The problem
Would you repeat the data below exactly, taking out the images?

Data
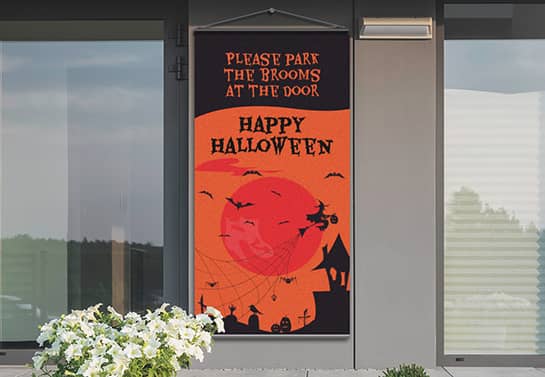 front door Happy Halloween hanging banner in black and orange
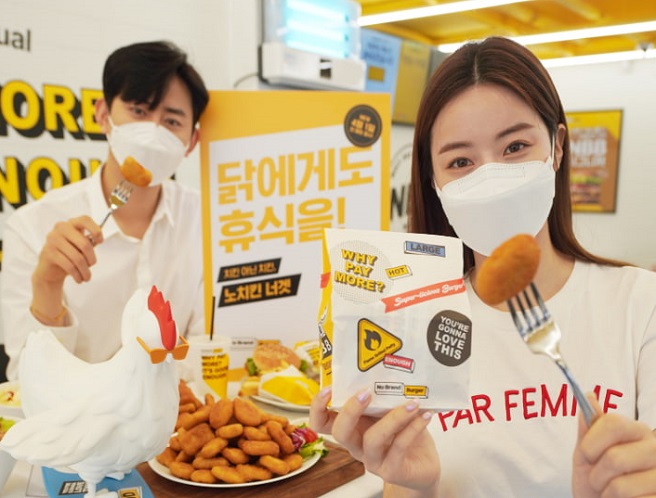 This March 31, 2021, file photo provided by Shinsegae Food shows models promoting "no chicken nuggets" at an outlet of the No Brand Burger franchise in central Seoul. 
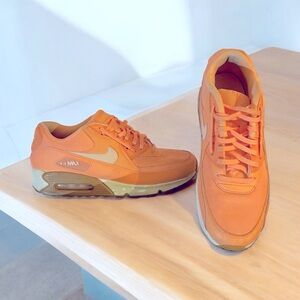 Orange Nike Air Max sneakers size 10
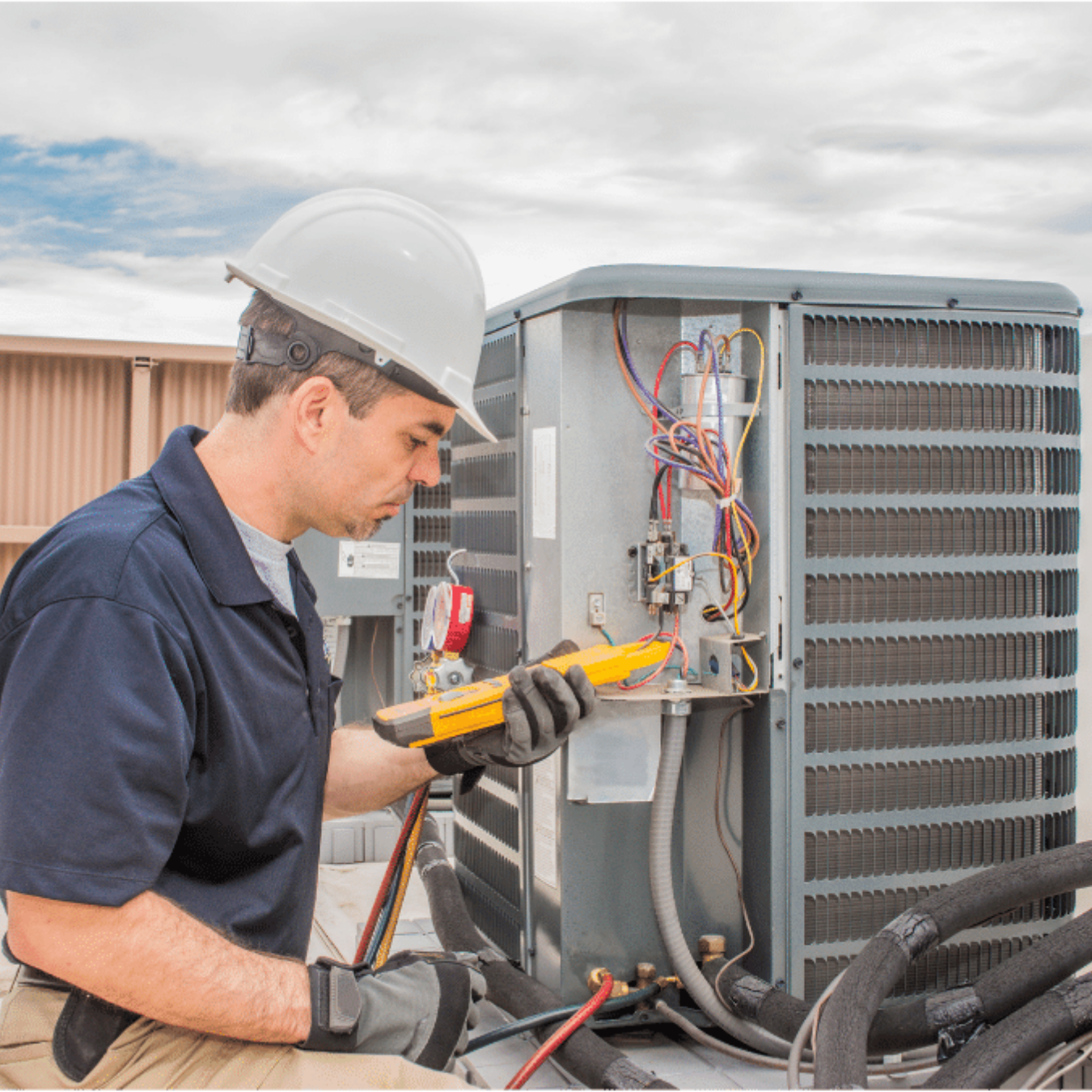 Pickering Heating & Cooling HVAC technician servicing a system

Answer section
 front door Happy Halloween hanging banner in black and orange
 This March 31, 2021, file photo provided by Shinsegae Food shows models promoting "no chicken nuggets" at an outlet of the No Brand Burger franchise in central Seoul. 
 Orange Nike Air Max sneakers size 10
 Pickering Heating & Cooling HVAC technician servicing a system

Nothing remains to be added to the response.